Learning to “design” a building, let alone an icon, is a multi-faceted problem. What will it look like? How will it stand? How does it relate to its site and surroundings? What are the materials? Further, figuring out how to lay out a building is the key to its function. Still, detailing the same building is the key to its ability to shed water, withstand wind, remain structurally stable, hold in heated or cooled air, enable seismic loads to be dissipated without significant damage, maintain occupant comfort, to utilize abundant day-lighting, natural convection driven ventilation, and to minimize the use of scarce and dear resources (among myriad other details).

At the Farnsworth house, I enjoyed seeing, in-person, an iconic mid-century house with a challenged and checkered past. While undisputedly THE residential icon of European Modernism (even with its location in Plano, IL, firmly ensconced in the heartland of the United States of America) this property exemplifies all of the pluses and minuses of architectural Modernism. Perhaps even more deeply flawed than the houses designed by Mies van der Rohe’s contemporary, Frank Lloyd Wright (known for their leaks, creaks and other challenges), this house didn’t really work for the owner. It is as if, in spite of its stated purpose, occasional use, and riverfront floodplain location, an iconic temple was designed and built to demonstrate a Modernist ideal; and the client be damned.

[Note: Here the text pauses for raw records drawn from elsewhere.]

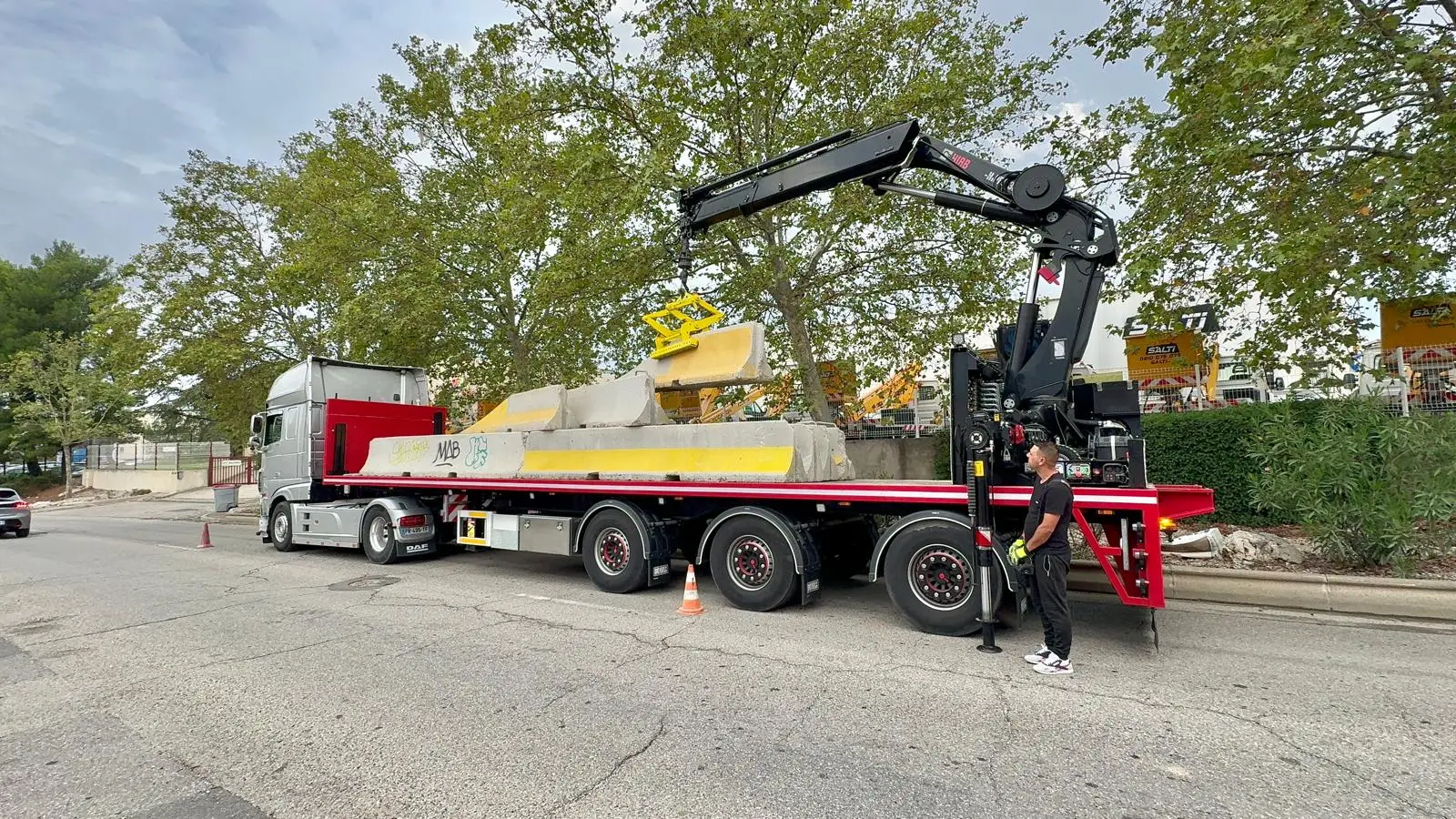 Camion-grue ASM chargé de séparateurs béton jaune et blanc, stationné le long d’une voie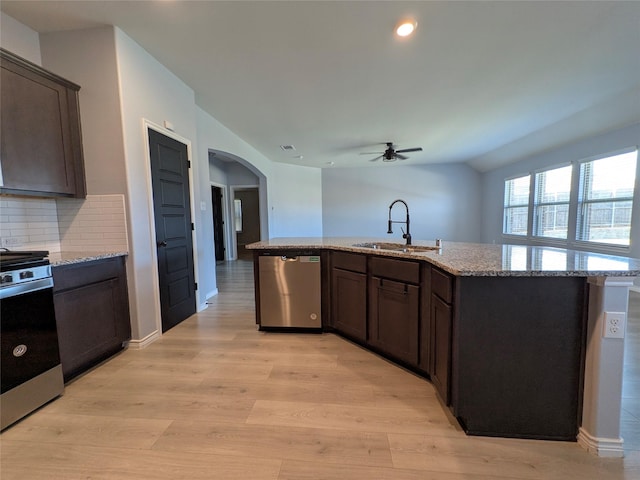 kitchen with arched walkways, stainless steel appliances, light wood-style flooring, a sink, and dark brown cabinets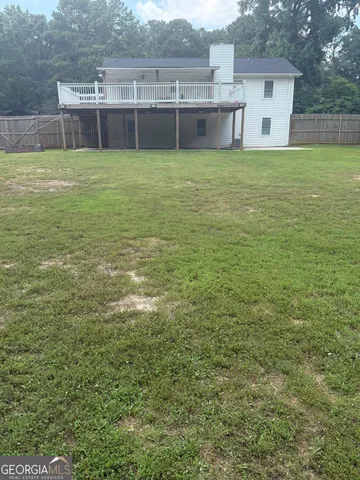 a view of a house with a yard and a large tree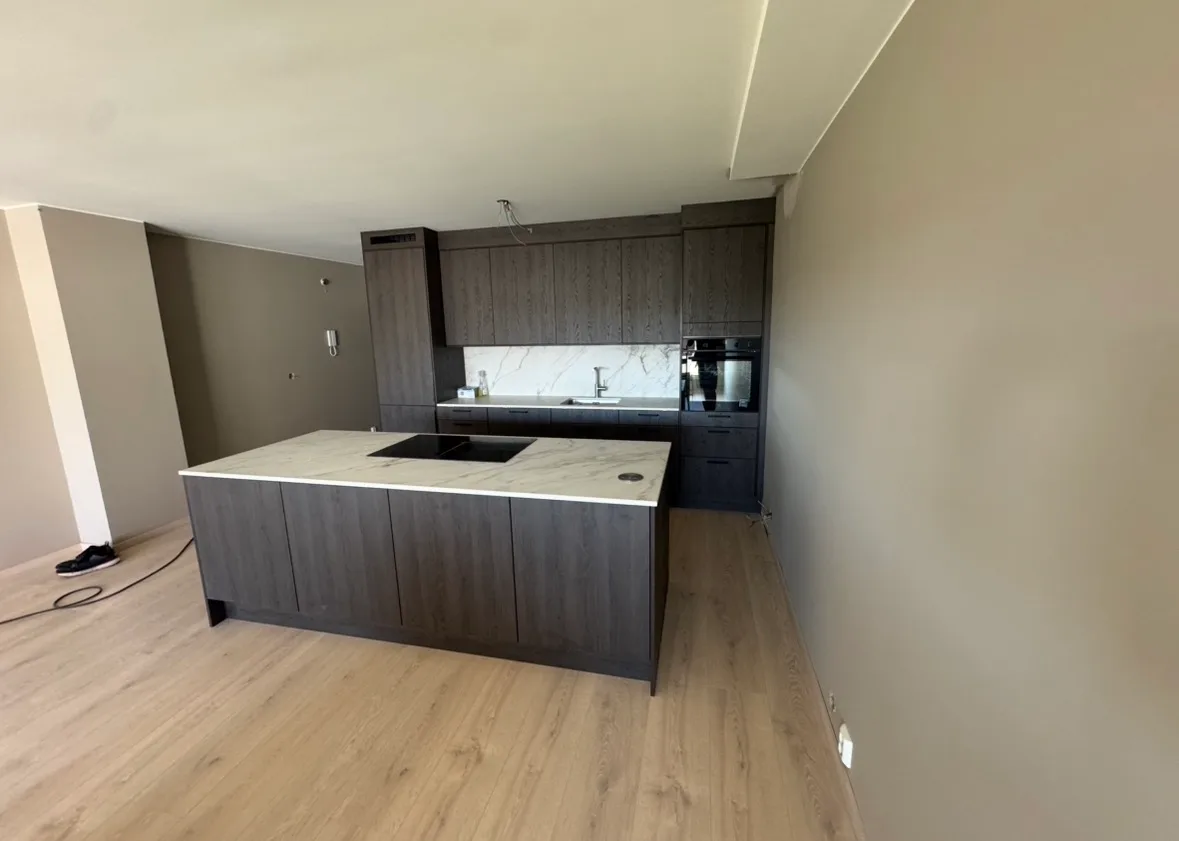 Modern kitchen with dark cabinets and marble island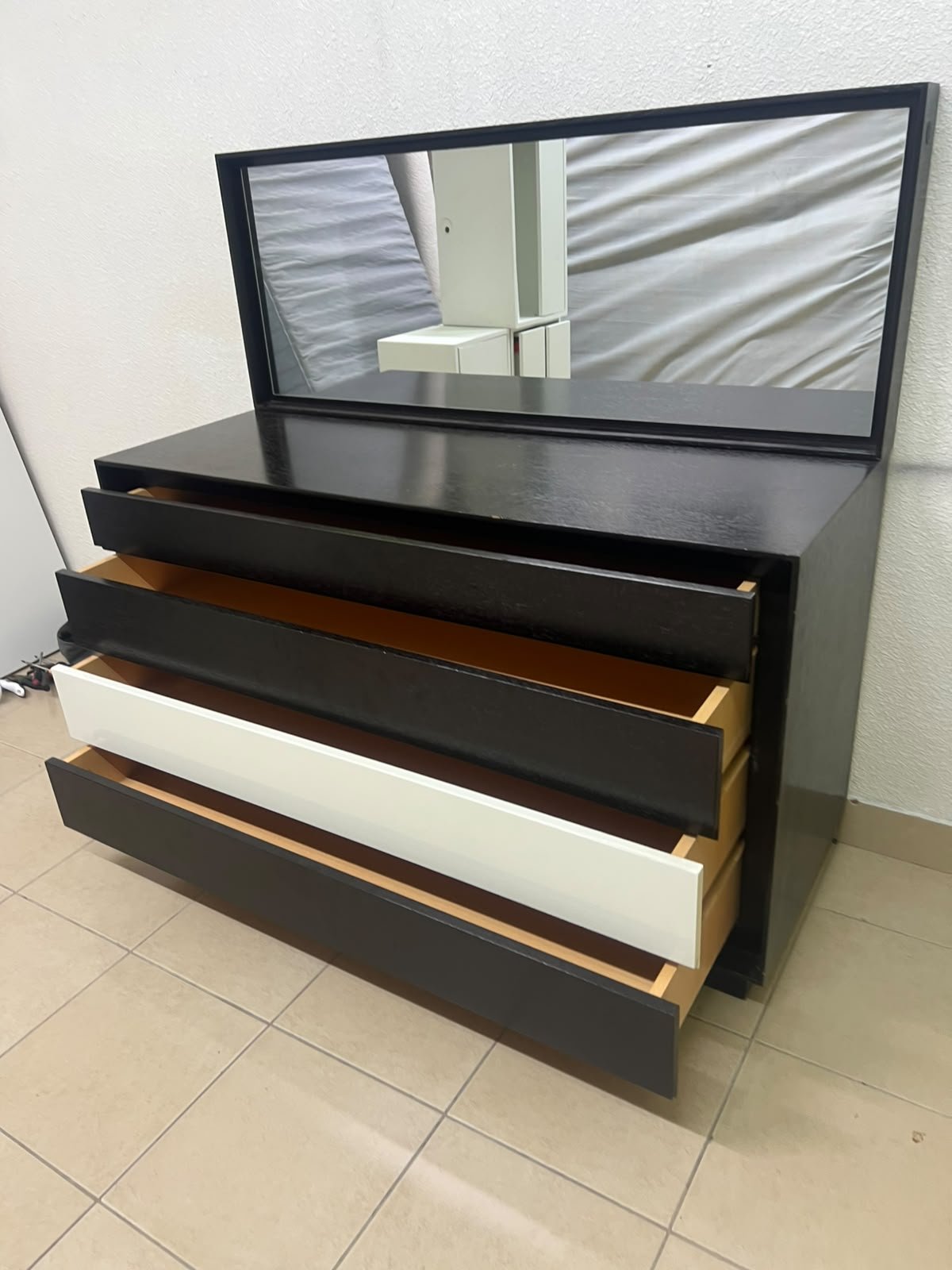 A dark brown wooden dresser featuring a wide white central drawer, accompanied by a large mirror with a matching rectangular frame. - Image 3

Still, despite the above assessment, the Edith Farnsworth house is a masterful collection of details; however ineffective they may be at keeping out the floods, keeping the interiors comfortable, and providing the respite requested by the owner. There are beautiful details in the structural steel work, including a punch-welded frame, with welds ground smooth, and painted white so as to make the juncture nearly invisible. The modular grid is evident in the lines of the travertine flooring which travel from inside to outdoor terraces. The specified polished plate glass is evident only because a single replacement panel is of the less-costly float glass used today. The perfect, mirror-like reflections of the polished glass panels are clearly discernable next to the distorted and rippled reflections seen in the float glass. The masterful and clever invention of the furniture-like “cabin-ette” for bathing and cooking, set squarely upon the temple-like floor, is visually stunning.

While these details are masterfully drawn (some documents are available at the site) and executed, they are in one sense flawed by their inability to meet the requirements of this site, the initial owner’s brief, and the admittedly brutal environment. Mies, an apparent advocate of style-less design, was inexplicably locked in a style paradigm that worked better in several other contexts; notably the Lakeshore Drive multi-family complex completed at about the same time, and the prosaic architecture school building at Illinois Institute of Technology. In the ensuing years, we have learned more about thermal comfort analysis with notions of internally-loaded and externally-loaded buildings. Perhaps the relatively diminutive scale of the house inverted the notion of the thermal loading as compared with the other, much larger, and more thermally massive structures.

While I love the ideal of the house as a “temple of Modernism,” the unfortunate reality demonstrates the error of ocular centrism in Modernist design. Far too many times, the sculptural ideal has been utilized to justify the shape, the location, the execution of a design that is inadequately reasoned, and in-elegantly justified, however masterfully executed and detailed. One need only review the recent starchitecure of Frank Gehry, Daniel Libeskind, Thom Maine’s Morphosis, and numerous others to find buildings (while detailed to the nth degree) that are inappropriate contextual partners, unfortunate expenditures of rare and precious materials, and leaky substitutes for shelter. But I digress…

So, if God is in the details, Renzo Piano is today flying much closer to God than was Mies at the time of the Farnsworth house. Time, only, will tell how the Modern Wing maintains its rank among its peers. Somewhat a temple in its design and layout, the Modern Wing of the Art Institute of Chicago clearly has a place in the iconography where it stands, in my opinion, head and shoulders above its peers in the recent spate of museum architecture.